許昌福利院的黨小笛,是一歲多入院的棄嬰,因缺氧導致下肢癱瘓。經過半年中醫藥治療,孩子能正常行走,活潑可愛。醫院為他發佈尋親啟事,沒能找到親生父母。後來他被愛心家庭收養,長大後還常常回醫院看望宋兆普。
第一批128名福利院腦癱棄嬰,一年後七十多名趨於正常。到2013年7月,醫院累計救治740餘名患兒。民政部組織全國腦神經、康復專家實地評估:中醫藥治療小兒腦癱有效率98.3%,顯效率56.7%。相關中藥經河南中醫藥大學、美國賓夕法尼亞大學動物實驗證實,對受損腦細胞具有修復再生作用。同年,金庚醫院被民政部確定為"明天計畫"腦癱兒童中藥治療全國定點醫院——這是該專案唯一落戶縣級城市的非三甲定點醫院。
十餘年間,金庚醫院公益救治腦癱棄嬰3273名,1630名患兒達到回歸社會條件,820名孩子被海外家庭收養。同時醫院累計救治貧困腦癱兒童6372名,避免了無數家庭因病致殘、因病返貧。
黨小笛只是其中一個。但在宋兆普心裏,三千個孩子,每個都有名字,每個都記得。
八千裏西行:戈壁灘上的信任如何建立
2015年,經由新疆河南商會人士牽線,宋兆普得知南疆和田有大量腦癱兒童,很多家庭因病致貧。收到和田地委行署正式邀請,他踏上第一次新疆巡診之路。
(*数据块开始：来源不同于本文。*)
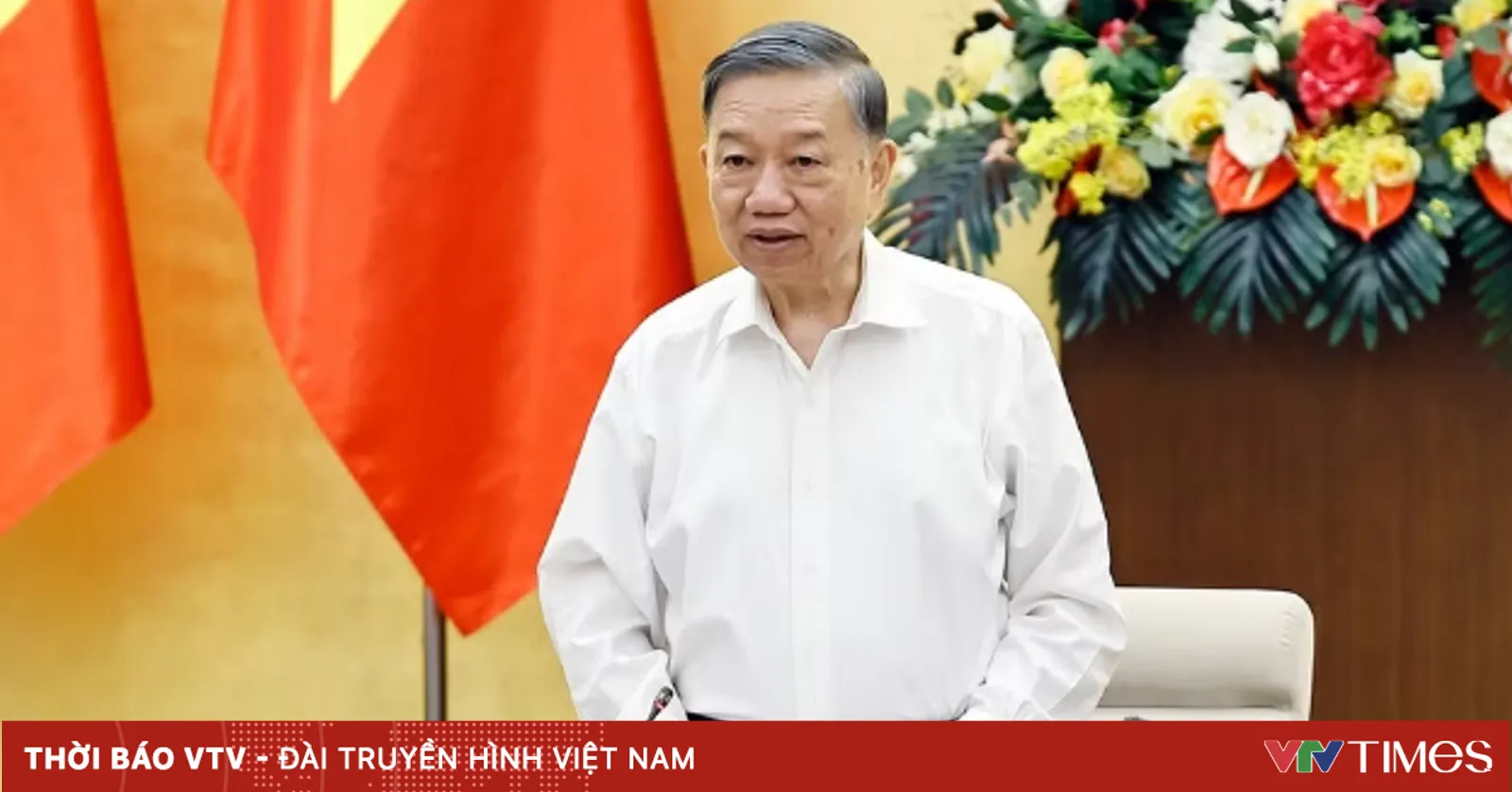 Tổng Bí thư, Chủ tịch nước Tô Lâm: Cần đặt công tác cán bộ với yêu cầu cao hơn, rộng hơn
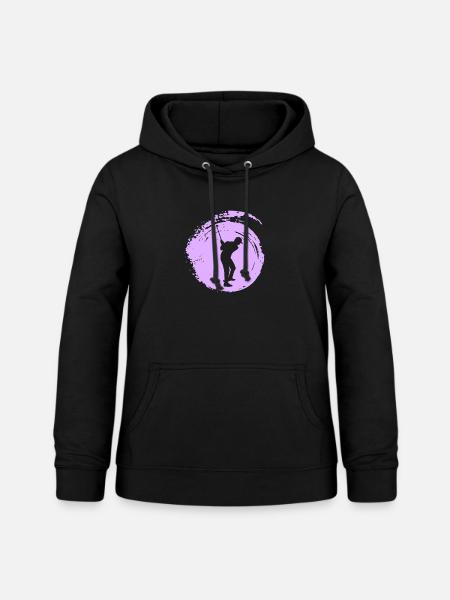 Golf Golfball Driver - Frauen Hoodie - Schwarz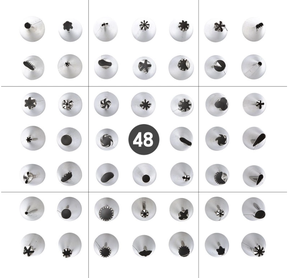 Grande Vente Kit <span class=keywords><strong>de</strong></span> 137 Pièces d'Accessoires <span class=keywords><strong>de</strong></span> Décoration <span class=keywords><strong>de</strong></span> Gâteaux Russes Outils <span class=keywords><strong>de</strong></span> Pâtisserie pour la Cuisson - Product Image 2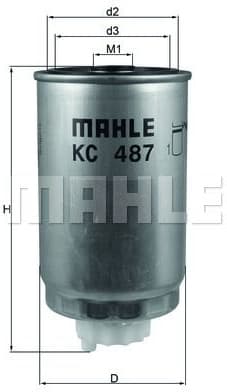 Fuel Filter KC487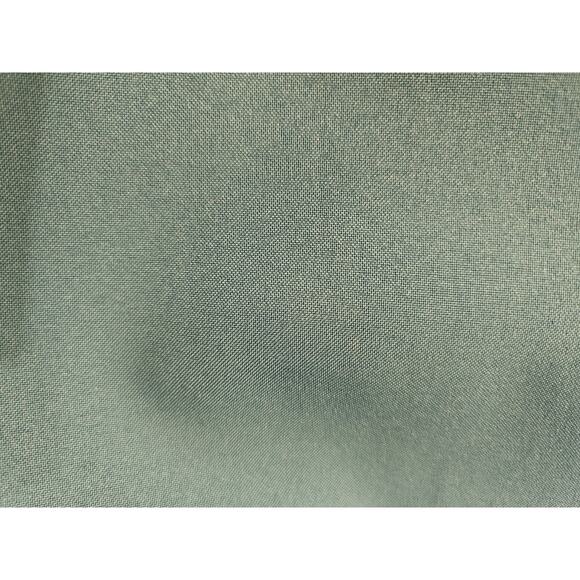 VTG 80s Mens‎ Teal Green Pleat Pants Retro 40x36 Gino Cappeli Designer Unhemmed - Picture 9 of 9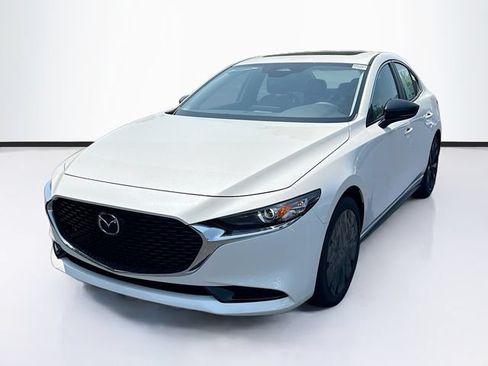 New 2026 MAZDA MAZDA3 Carbon AWD/4WD image 3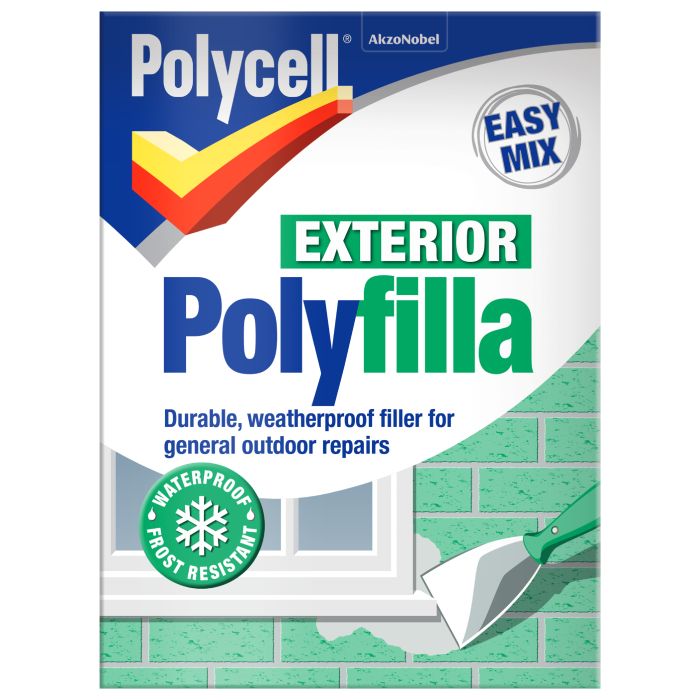 Polycell Exterior Polyfilla Powder Box 1.75kg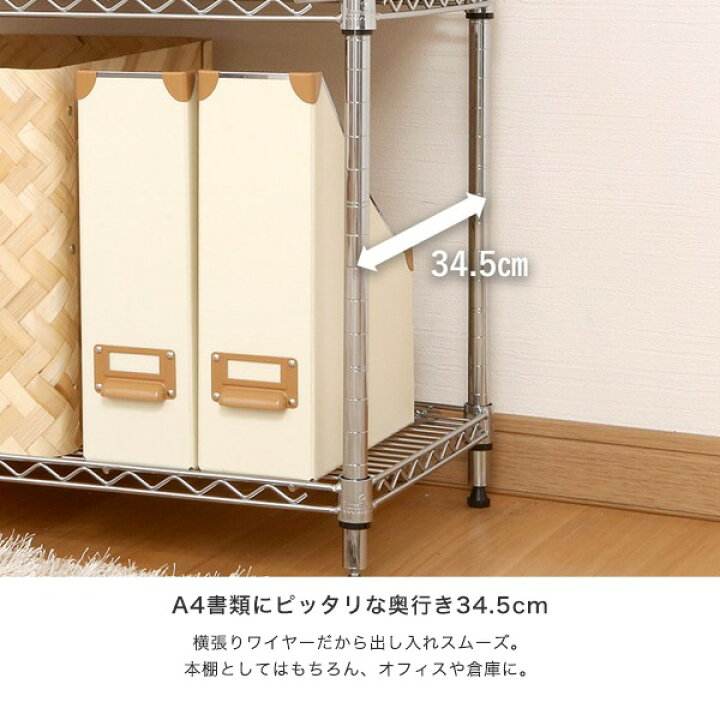 楽天市場】☆15日限定P3倍☆ スチールラック ルミナス ラック [19mm 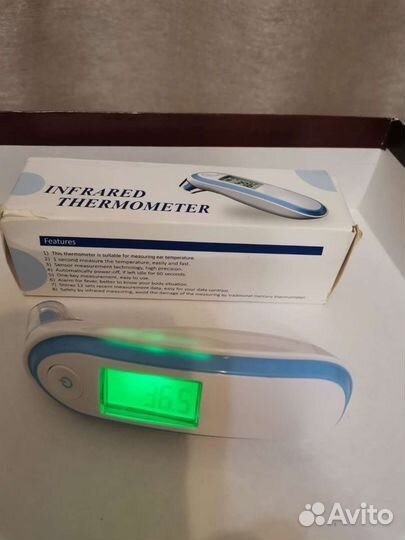 Инфракрасный термометр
墨玉縣一所學校,原本預估三十餘名患兒。消息傳開,維吾爾族群眾趕著馬車、騎著毛驢從四面八方趕來。從上午九點到下午五點,宋兆普和隊員僅啃下一塊饢充饑,兩天接診470多人。十四五歲孩子的家長絕望痛哭,一兩歲孩子的家長看見希望激動落淚。哭聲交織中,宋兆普暗下決心:哪怕把命搭上,也要盡力救治。

2015年8月,宋兆普在河南汝州,為和田地區洛甫縣腦癱患兒比拉力,做檢查評估。
當地沒有腦癱康復機構,他提議挑選十名患兒前往汝州免費治療,同時安排當地醫護到河南學習。啟程前夕,因距離遙遠加上部分群眾心存顧慮,五戶家庭臨時放棄。替換為五戶中、重度患兒家庭後,2015年7月,十個家庭抵達汝州。
醫院專門開闢適配少數民族生活習俗的病區和廚房。但最初的信任,很難用言語建立——三個月的治療才真正改變一切:無法站立的慢慢站起,不能發聲的吐出單字。半年後,六名孩子基本趨於正常。康復的消息傳回和田,口碑勝過千言萬語。
玉蘇普·買買提的故事,成為這場醫療援疆最動人的注腳。他曾一度受宗教極端思想影響,拒絕和漢族群眾交往,兒子比拉力罹患腦癱耗盡家中積蓄。2015年,他陪同孩子來到汝州,初到異鄉滿心戒備。宋兆普和全體醫護沒有偏見,待他們父子如親人。隨著孩子好轉,玉蘇普內心堅冰消融,淚流滿面:"宋院長就像我的爸爸一樣對我好,汝州就是我的家。"如今比拉力已正常走進校園。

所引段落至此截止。